Selçuklu hükümdarı ALP ARSLAN, öncelikle barış teklifinde bulundu.
Bizans İmparatoru’ndan şu cevabı almıştı: “Bu yabani herif barış istiyorsa, şimdi çadır kurup oturduğu yerlerden çekilsin ve ilk önce buraları hep Bizans ordusuna bıraksın. Rey şehrine gidip orada kalsın. Sadakatini göstermek için de karısını bize göndersin.”
Bu cevap, savaşın kaçınılmazlığını ortaya koyuyordu.

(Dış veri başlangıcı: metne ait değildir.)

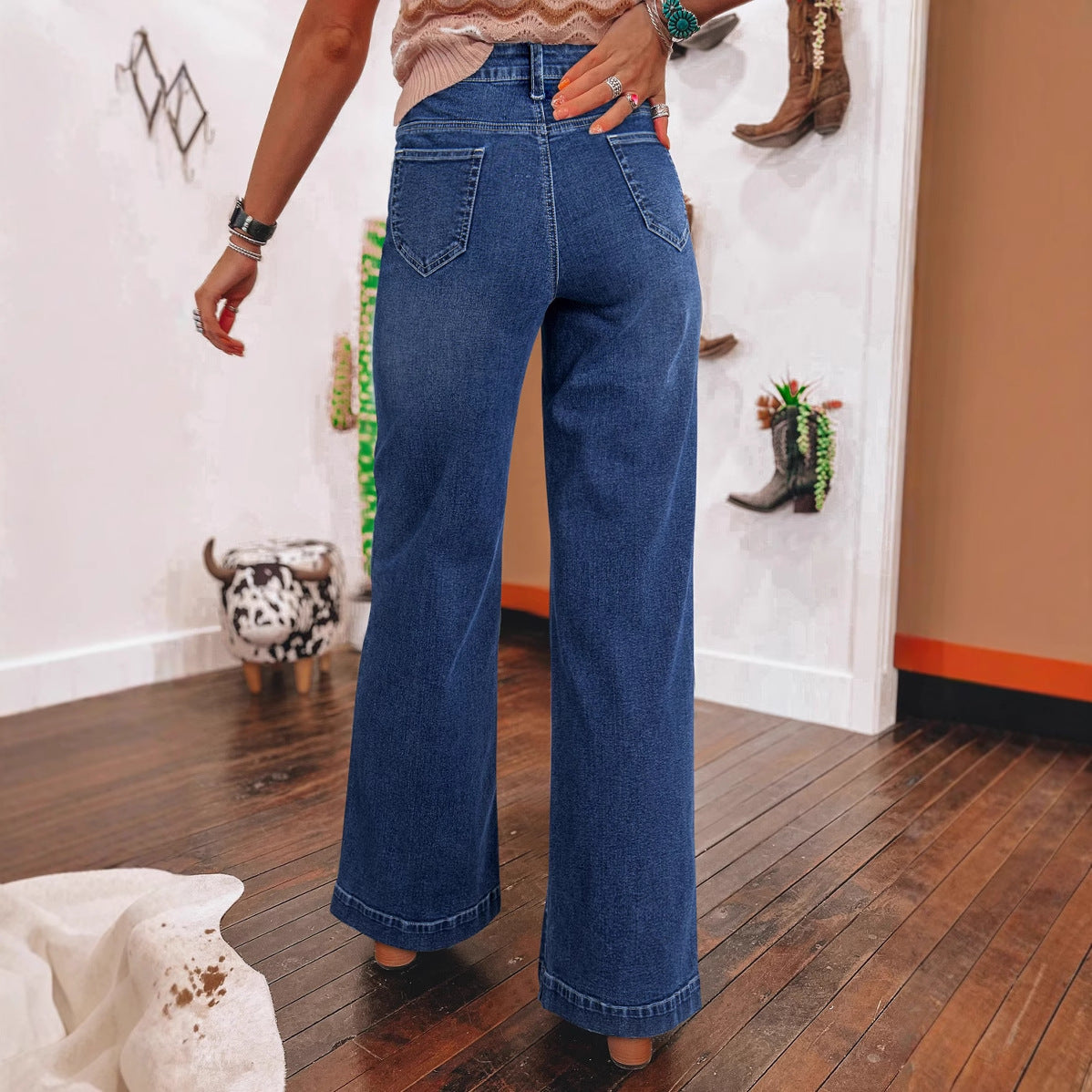VAKKV 2025 cross-border  spring 2025 new dark blue high-waisted wide-leg jeans women's fashion retro straight-leg pants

Bunun için de Alp Arslan hemen harekete geçmek istemesine rağmen Fıkıh(İslam Hukuku) hocası ona şu öğütte bulundu:
“Bugün bekle ve acele etme. Yarın cuma günüdür. Bütün dünya Müslümanları namaz kılacak ve senin zaferin için de dua edeceklerdir. Allah Teala’nın kulları senin için dua ettikten sonra harekete geç. Olur ki, bunlar arasında birinin duası makbule geçer. Nitekim, Allah kullarının duası mücahitlerin kılıcı ile birlikte çalışacaktır...”
Ve Alp Arslan, hocasının öğüdünü dinleyerek cuma gününü beklemiştir.
Cuma günü tüm askerler ve sivil halk birlikte Allah’a dua ettikten sonra Sultan Alp Arslan şu konuşmayı yapmıştır:
“ Ey Müslümanlar! Önümüzdeki bu savaş, İslamın mukadderatını tayin edecek bir savaştır…Kim şehitlik saadetine ermek istiyorsa bizimle gelsin. Kim ki, bunu istemiyorsa çıkıp gidebilir. Bugün artık ne padişah, ne sultan ne de kumandan var. Hep Müslüman kardeşleriz. Hep kılıca sarılacağız... Bu savaş diğer savaşlara benzemez…”
Atına binerken de askerlerine son sözlerini söylemişti:
“ Ben şehit olursam, işte üzerimdeki bu elbise benim için kefendir. Beni bununla gömersiniz. Şimdi isteyen gelebilir…”
İşte zaferin gerçek ruhu budur. Komutan ve askerin aynı ruh ve amaç için düşmanın karşısına inanarak çıkmasıdır.
Tarihimizde zaferlerimizin ruhu bu olmuştur. Şehit ve gazilerimizi rahmetle anıyoruz.